CAETANO GALINDO Tem a coisa técnica, de estrutura geral da narrativa. Tem a prosa, uma estranha mistura de oralidade e todo tipo de registro, num fluxo que funciona às mil maravilhas, mas que, se observada sob a perspectiva da análise sintática tradicional, por exemplo, muitas vezes é toda “errada”. E tem o interesse humano. Às vezes, me parece que ler David Foster Wallace é menos como ler Joyce – que é a comparação que sempre surge – do que como ler Thomas Mann, Tolstoi... Você lê – entre outras razões – pra saber o que ele pensava de certas coisas. A postura humana e ética dele é extremamente interessante. Me mudou como pessoa, pra sempre.
CONTINENTE Você tem medo de soltar muitos detalhes do enredo no blog ou faz parte do esquema?

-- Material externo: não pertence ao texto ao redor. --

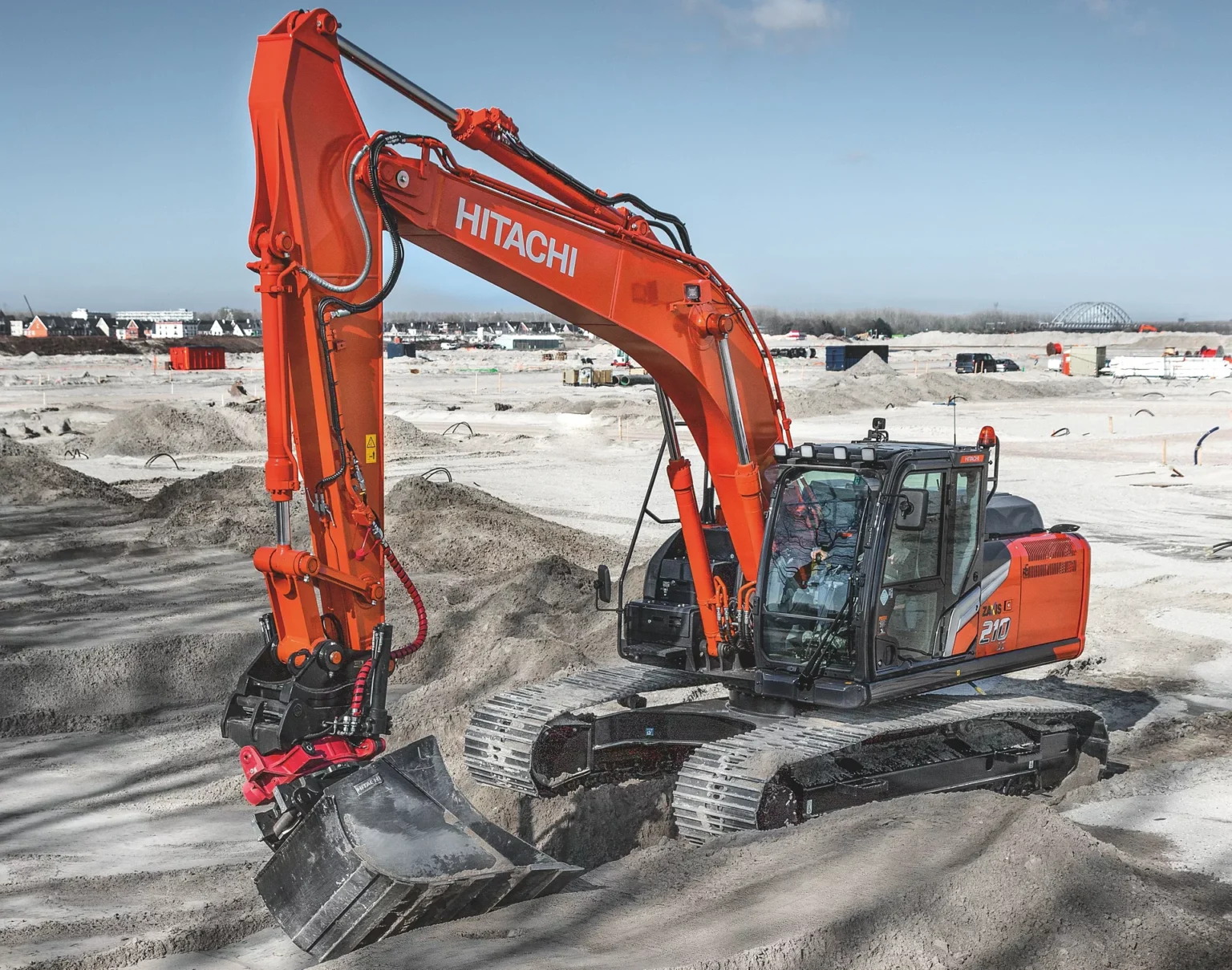 Orange Hitachi excavator digging into a sandy construction site with a long arm and bucket in the foreground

CAETANO GALINDO Não há assim tantos “segredos”. O livro é – nesse sentido, de trama – muito mais uma questão de “como” que de “o quê”. Mas eu me seguro sim. Eu sou um leitor tradicional. Odeio que me contem coisas que eu não precisava saber.

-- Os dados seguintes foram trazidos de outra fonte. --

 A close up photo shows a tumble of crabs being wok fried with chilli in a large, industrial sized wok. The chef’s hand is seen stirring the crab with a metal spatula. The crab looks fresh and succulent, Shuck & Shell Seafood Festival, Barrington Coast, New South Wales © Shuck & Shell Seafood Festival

CONTINENTE Pra quando você prevê o final da tradução? Tem deadline? Como você encaixa o trabalho de tradutor com as outras atividades? Tem meta diária?
CAETANO GALINDO Devo – nos dois sentidos – entregar até junho/julho. Como que eu encaixo? Ora, quando dá. Posso passar duas, três semanas, sem tocar no livro – em período de provas na universidade, de defesa de orientando, quando estou fechando algum texto meu pra publicação em revistas acadêmicas ou, agora, por exemplo, porque sou membro da banca de seleção para o mestrado em estudos literários. No entanto, tenho metas mensais. Até setembro eu estava adiantado, o que me garantiu o fechamento de outubro. Novembro, a não ser que eu alopre totalmente na semana que vem, deve dar atraso.
CONTINENTE Esse é o segundo catatau que você traduz. Depois de muito tempo trabalhando em cima de Ulysses, qual foi o sentimento de vê-lo saindo das suas mãos – de alívio ou de pai que não quer ver o filho ir embora? Acha que vai acontecer algo assim com o Infinite jestou é menos intenso?
CAETANO GALINDO O Ulysses foi uma incrível satisfação. Chorei, mesmo, quando mandei o email com o texto final. Chorei quando o livro chegou. Mas feliz. Sempre. Foram dez anos de trabalho, ali. Infinite jest vai ser um alívio diferente. De não ter ficado louco, de ter dado conta do prazo.